En ce qui concerne le refus de délai de départ volontaire et l'interdiction de retour sur le territoire français :

7. Il résulte de ce qui précède que la requérante ne peut se prévaloir de l'illégalité de l'obligation de quitter le territoire français, pour demander l'annulation, par voie de conséquence, de la décision de refus de délai de départ volontaire et de la décision d'interdiction de retour sur le territoire français.

En ce qui concerne l'assignation à résidence :

8. En premier lieu, aux termes de l'article L. 732-1 du code de l'entrée et du séjour des étrangers et du droit d'asile : " Les décisions d'assignation à résidence, y compris de renouvellement, sont motivées ".

9. L'arrêté attaqué, qui vise les textes applicables, rappelle le prononcé d'une obligation de quitter le territoire français et indique que l'éloignement de l'intéressé demeure une perspective raisonnable, comporte les considérations de droit et de fait qui le fondent. Il répond ainsi aux exigences de motivation imposées par l'article L. 732-1 du code de l'entrée et du séjour des étrangers et du droit d'asile.

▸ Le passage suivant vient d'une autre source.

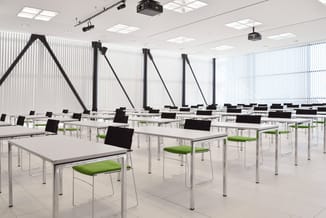 Moderne trainingszaal met witte tafels, zwarte stoelen met groene zittingen, zilveren frames en draagbare projectors aan het
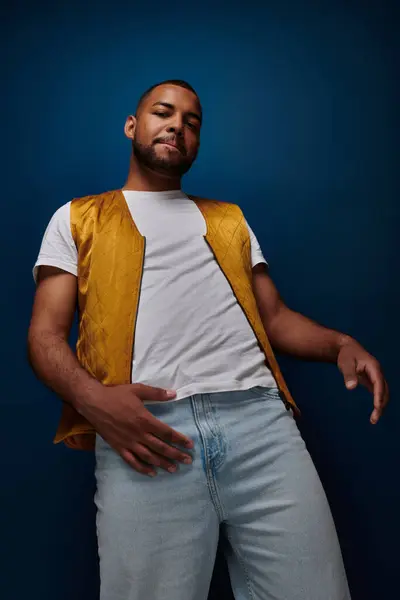 Homem bonito na moda colete amarelo olhando para a câmera posando no fundo azul escuro, conceito de moda — Fotografia de Stock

10. En deuxième lieu, si Mme A B invoque dans sa requête sommaire la méconnaissance des articles L. 731-1 et suivants du code de l'entrée et du séjour des étrangers et du droit d'asile, ce moyen n'est pas assorti des précisions permettant d'en apprécier la portée et le bien-fondé.

11. En troisième lieu, l'arrêté attaqué autorise Mme A B à circuler dans le département de l'Isère et ne lui impose qu'une obligation de présentation à l'hôtel de police de Grenoble deux fois par semaine, les lundi et jeudi à 9h00, y compris les jours fériés ou chômés. Mme A B, qui ne conteste pas résider à Grenoble, ne justifie pas, par les attestations qu'elle produit, être appelée à exercer une activité régulière comme saisonnière dans une station savoyarde pour la prochaine saison hivernale. Dans ces conditions, et eu égard aux buts en vue desquels la mesure d'assignation a été prise, Mme A B n'est pas fondée à soutenir que les modalités de cette mesure sont entachées d'une erreur manifeste d'appréciation au regard de leurs conséquences sur sa situation personnelle.

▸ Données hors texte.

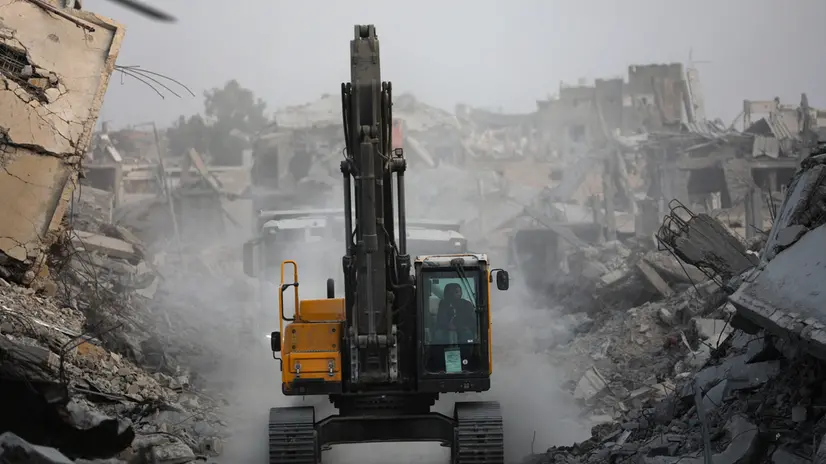 epa12505681 Red Cross workers assist as fighters of the Al-Qassam Brigades, the military wing of the Hamas movement, search for the bodies of Israeli hostages in Al Shejaeiya neighbourhood in the east of the Gaza City, Gaza Strip, 05 November 2025. EPA/MOHAMMED SABER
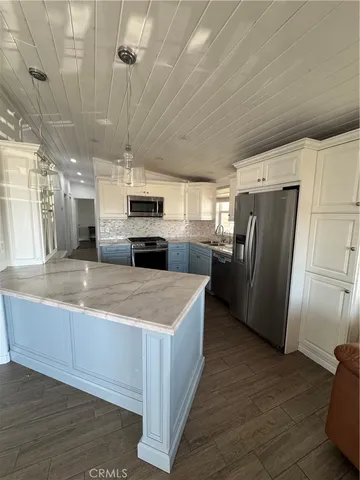 a large kitchen with stainless steel appliances granite countertop a stove a refrigerator a sink and dishwasher with wooden floor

12. Il résulte de tout ce qui précède que les conclusions à fin d'annulation présentées par Mme A B doivent être rejetées.

D E C I D E :

Article 1er : Mme A B est admise au bénéfice de l'aide juridictionnelle provisoire.

Article 2 : Le surplus des conclusions de la requête de Mme A B est rejeté.

Article 3 : Le présent jugement sera notifié à Mme D B, à Me Sechaud et à la préfète de l'Isère.

Rendu public par mise à disposition au greffe le 24 décembre 2024.

La magistrate désignée,

E. BEYTOUTLa greffière,

L. BOURECHAK

La République mande et ordonne à la préfète de l'Isère en ce qui la concerne et à tous commissaires de justice à ce requis en ce qui concerne les voies de droit commun, contre les parties privées, de pourvoir à l'exécution de la présente décision.